We also both let the other one know if we were going to be later than usual, particularly if not going to be home for dinner and/or DC bed time.

I assume you both chose to have a child? Therefore both equally responsible and your DH needs reminding of that.

suzyscat · 01/06/2022 16:01

It's annoying not to be told, but it's easy to pop in for a quick one after work and suddenly it be an hour an half later. Not really unreasonable, but a bit thoughtless.

If you feel like the default caregiver I'd suggest organising your own good time when DH can babysit to even things up a bit.

Bookworm20 · 01/06/2022 16:28

I think a text is in order. That’s what couples do isn’t it? Less about asking permission and more of a heads-up?

Absolutely this. From what you have written OP he seems to just do his own thing with little regard as to how that affects you and DC. When you are in a relationship, you have to consider the other people in it. Surely thats the basics isn't it?

If DP texted/called and said he wanted to pop to the pub after work, I'd of said no problem. It's absolutely not about asking permission, just being considerate of your other half.

And we don't have a toddler in the mix! A baby/toddler puts a totally different spin on things.

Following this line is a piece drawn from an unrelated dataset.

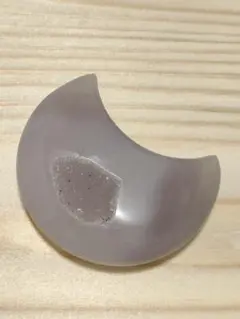 アゲート 半月形置物 薄紫色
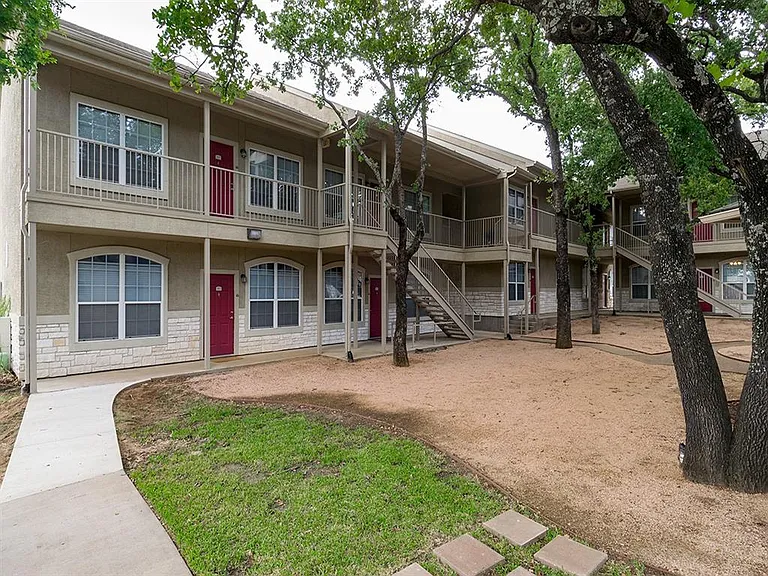 Residences at Holly Oaks — Photo 20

They ARE hard work, even the easy ones :)
And when babies and toddlers were part of our equation, that request to go to the pub most definitely WOULD have been a question/asking permission, purely because there are responsibilities at home which the other parent has to pick up the slack on when one parent is out. Its common courtesy.

He is taking for granted you picking up the slack. He should at the very least be checking thats ok with you.

You are not controlling OP, not in the least. You just want a bit of respect and consideration from your partner. That is not controlling!

MrsDeaconClaybourne · 01/06/2022 16:40

I hated it when DH treated me as the default parent. Tbf he didn't do it all that often but it's rude and disrespectful. Then it makes you look unreasonable for begrudging the night out or whatever. When you're at home with a little one and have had a tough night or day, another couple of hours is a long time.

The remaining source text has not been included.